We suppose $$D \cap A_{\alpha}$$ is closed in $$A_{\alpha}$$ and then must show $$D$$ is closed in $$X$$. I don't think we also suppose $$D$$ is closed in $$X$$ and then show that the $$D \cap A_{\alpha}$$'s are closed.

But in the definition of subgraph (also in Section 83), coherent is "if and only if" (I am aware of the errata by Barbara and Jim Munkres for this definition but irrelevant I think).

I was expecting to see that we suppose $$D \cap A_{\beta}$$ is closed in $$A_{\beta}$$ and then must show $$D$$ is closed in $$Y$$, but we actually also show We suppose $$D$$ is closed in $$X$$ and then show that the $$D \cap A_{\alpha}$$'s are closed.

What's going on?

My guess (I came up with one only after typing it all up)

Definitions are "if and only if". If there is no specified topology for a space $$Z$$, then coherence is just "if" and then "only if" follows because coherence is the definition. If there is a specified topology on $$Z$$, such as it having the subspace topology of some other space, then we have to show that coherence, a condition to indicated closedness of sets, and hence openness (of those sets' complements) doesn't conflict with with our new definition of closedness given by the subspace topology.

I think I figured it out, but I might as well just submit this since I already typed it up.

Definitions, by their nature, are "if and only if". This leads to some authors being lazy when writing them, and they only say "if".

It's a common enough occurrence and something one should always be aware of. The alternative definition supplied by Munkres definitely seems to be one such case.

• Is this correct? "If there is a specified topology on $Z$, such as it having the subspace topology of some other space, then we have to show that coherence, a condition to indicated closedness of sets, and hence openness (of those sets' complements) doesn't conflict with with our new definition of closedness given by the subspace topology." – user198044 Nov 15 '18 at 7:32

The notion Munkres gives is the right one in that context. $$X$$ already has a topology and its subspaces $$X_\alpha$$ have the subspace topolgoy induced by it, so we already know by definition that $$O$$ open in $$X$$ implies $$O \cap X_\alpha$$ open in $$X_\alpha$$.

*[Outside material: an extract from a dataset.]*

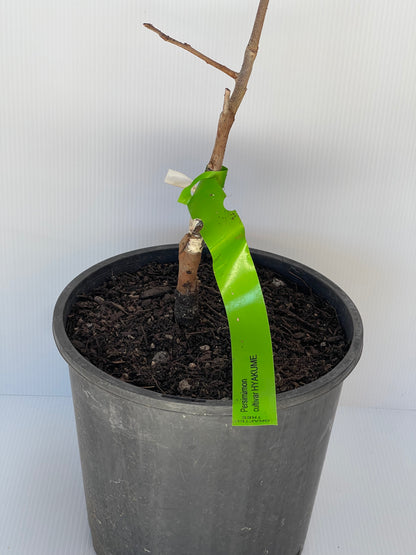 Persimmon Cultivar Hyakume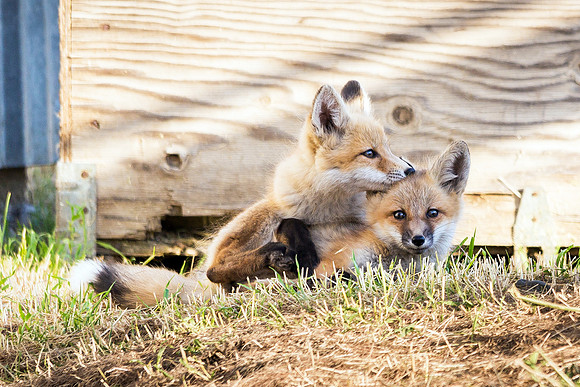 Fox Kits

The coherence part comes from the idea that we suppose we are just given the subspace topologies on $$X_\alpha$$ at the start (and we "forget" the topology on $$X$$) can we then reconstruct the topology on $$X$$ from these? In a coherent topology you can: you test for a subset $$O$$ of $$X$$ whether indeed each set $$O \cap X_\alpha$$ is open in the subspace topology in $$X_\alpha$$, and if this is the case we conclude $$O$$ must have open in $$X$$, and we get exactly the original topology on $$X$$ back.

Because this is the new part in coherence Munkres only states the implication of the second paragraph. The standard pasting lemma's say that any open cover of $$X$$ or any (locally) finite closed cover of $$X$$ form a coherent family for $$X$$.

The coherent topology idea is used to construct the topology on a disjoint sum of spaces, and also in a CW-complex, where we glue subspaces with given topologies together to form new spaces. The graph construction is a special low-dimensional case of a CW-complex.